§ **Requirement**: An exact transcription of the lines from the one holding "Eladó panellakás, Siófokon" to the end of the entries below, and nothing more, is the required answer. Please omit the pictures.

= Beginning of Section =

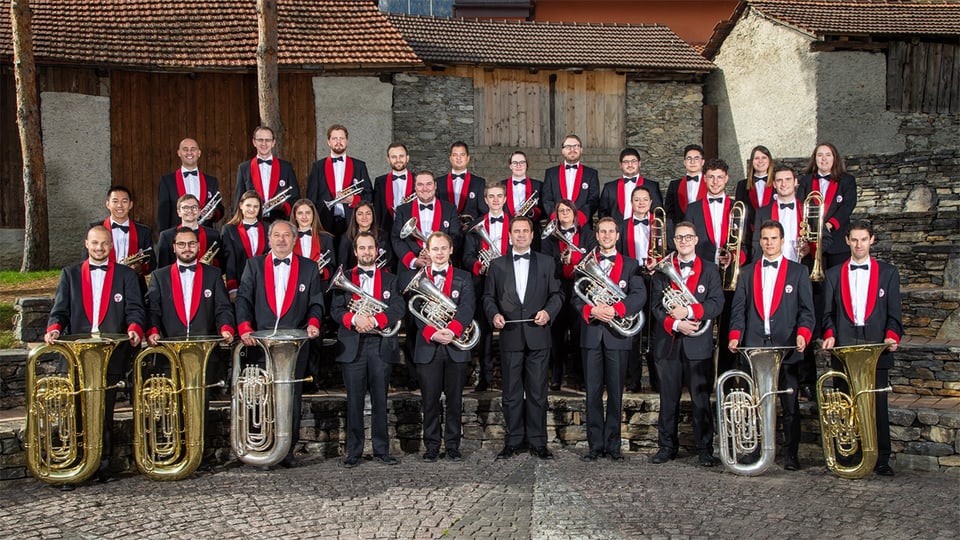 Die Brass Band 13  Étoiles hat seit ihrer Gründung 1973 zahlreiche nationale und internationale Wettbewerbe gewonnen.
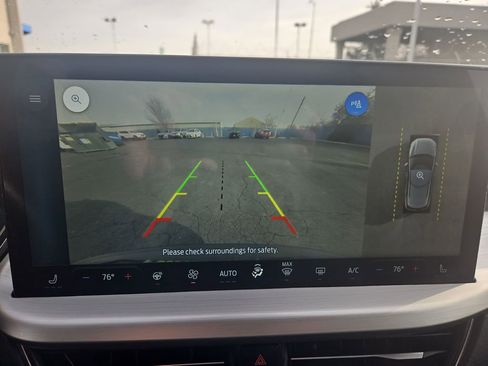 Used 2024 Ford Escape Platinum image 17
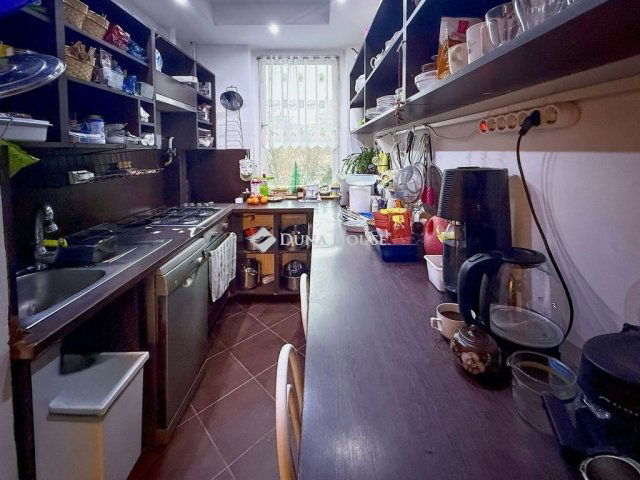 Eladó panellakás, Siófokon 62.5 M Ft, 2 szobás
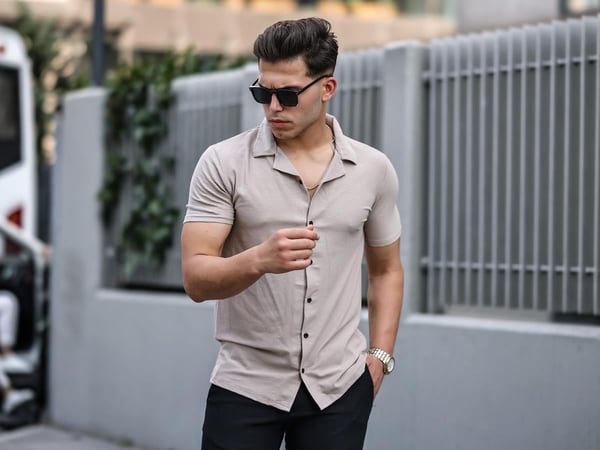 Premium Dokulu Kısa Kol Fit Gömlek -  Bej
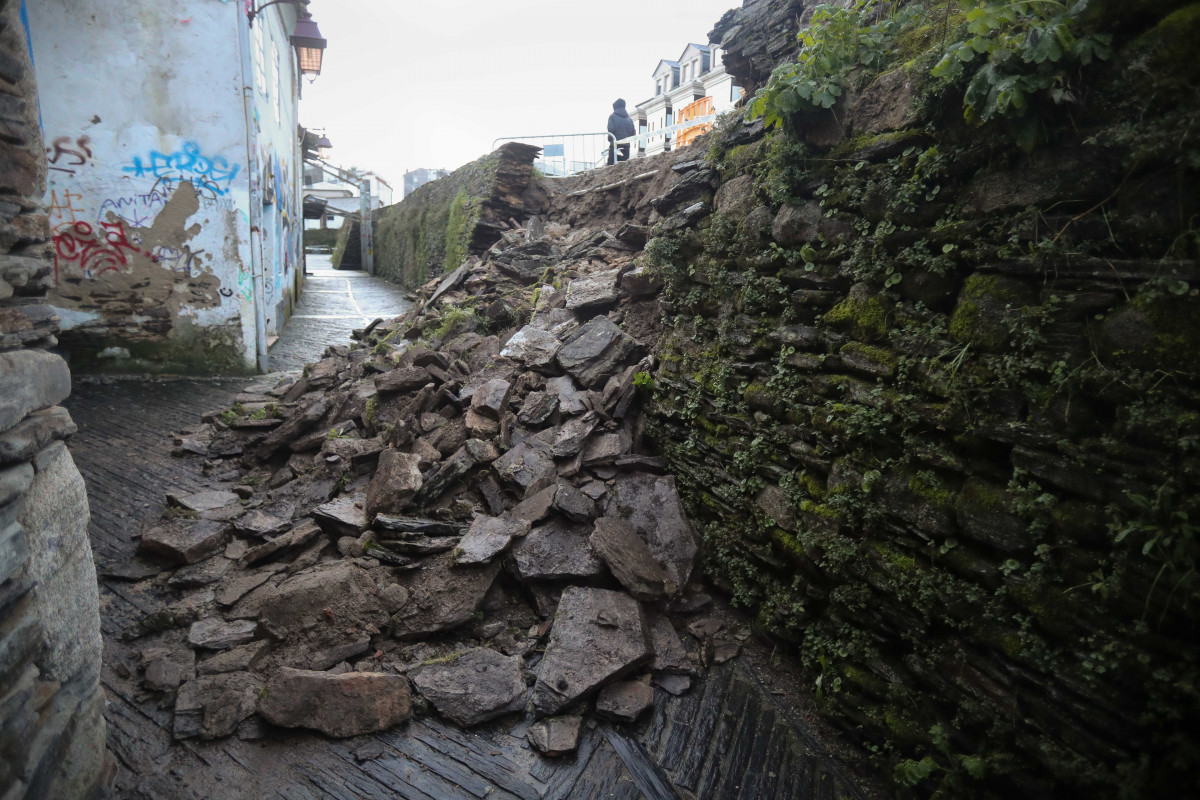 Se derrumba parte de la Muralla romana de Lugo al ablandarse la tierra de su adarve tras las copiosas y abundantes lluvias de la últimas semanas. No hay que lamentar heridos.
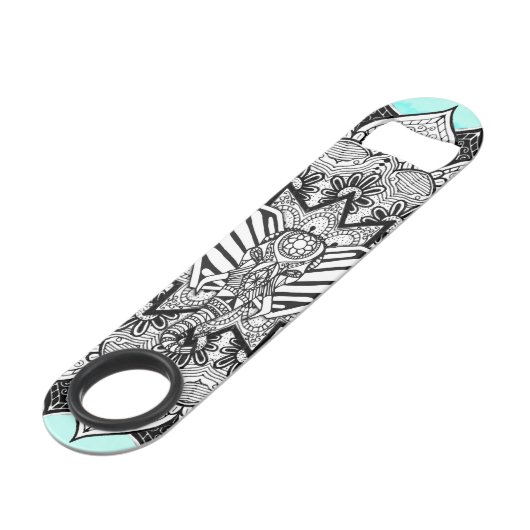 Boho Verwicklungs-Elefant und Hand gezeichneter Speed Flaschenöffner (Vorderseite Schrägansicht)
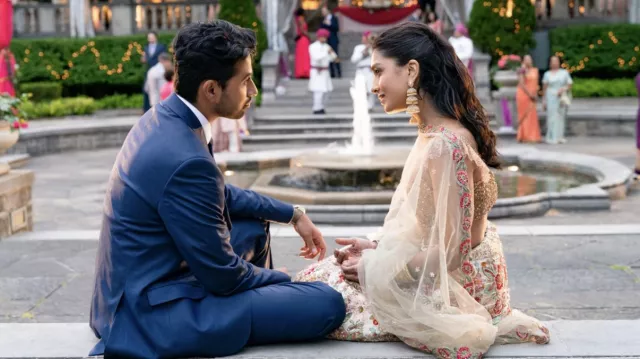 Earrings worn by Asha (Pallavi Sharda) as seen in Wedding Season movie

= End of Section =

§ **Problem solution**:
 Eladó panellakás, Siófokon 62.5 M Ft, 2 szobás
 Premium Dokulu Kısa Kol Fit Gömlek -  Bej
 Se derrumba parte de la Muralla romana de Lugo al ablandarse la tierra de su adarve tras las copiosas y abundantes lluvias de la últimas semanas. No hay que lamentar heridos.
 Boho Verwicklungs-Elefant und Hand gezeichneter Speed Flaschenöffner (Vorderseite Schrägansicht)
 Earrings worn by Asha (Pallavi Sharda) as seen in Wedding Season movie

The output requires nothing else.